The 13 journalists will participate in workshops, a reporting bootcamp at the University of Missouri, multi-day field trips, customized webinars, and benefit from mentoring and networking support and attendance at health care journalism, environmental journalism and science writing professional conferences. The fellowships are funded by the Howard Hughes Medical Institute Department of Science Education and the Gordon and Betty Moore Foundation.

“We received over 150 applications, and the process of narrowing down such a diverse and talented applicant pool was incredibly difficult,” said Andrew Smiley, AHCJ’s executive director. “The overwhelming interest in this fellowship from such talented early-career journalists is truly a testament to the continued focus that is needed on specialty reporting in these interconnected topic areas.”

“The future of science, health, and environmental journalism depends on creating a more sustainable career path for talented reporters — and flexible, free, early career fellowship programs like this one fill a missing rung on the career ladder, especially for journalists from less privileged backgrounds.” said Meaghan Parker, executive director of the Society of Environmental Journalists. “We are especially pleased at the diversity of this inaugural class, with journalists of color comprising more than half of the group.”

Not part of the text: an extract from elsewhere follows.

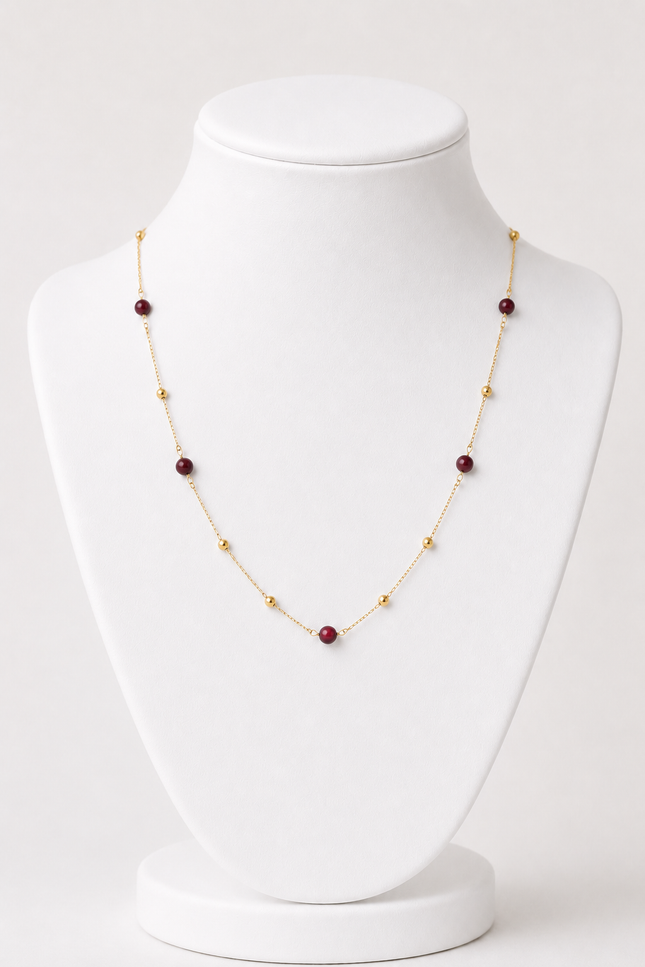 A delicate gold chain necklace with alternating small gold beads and round dark red gemstone beads, displayed on a white jewelry bust.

“This smart, creative, diverse and fearless group of early-career journalists is committed to providing accurate, socially responsible coverage of science, health and environment issues at the local and national level,” noted Rosalind Reid, CASW executive director. “We’re thrilled by the opportunity to help them acquire the mentoring, knowledge and networking support they need to advance careers that will make a difference.”

The National Science-Health-Environment Reporting Fellowships are a first-ever collaboration of CASW, AHCJ, and SEJ, and were modeled on AHCJ’s Regional Reporting Fellowship Program, which has graduated 117 reporters since its launch a decade ago.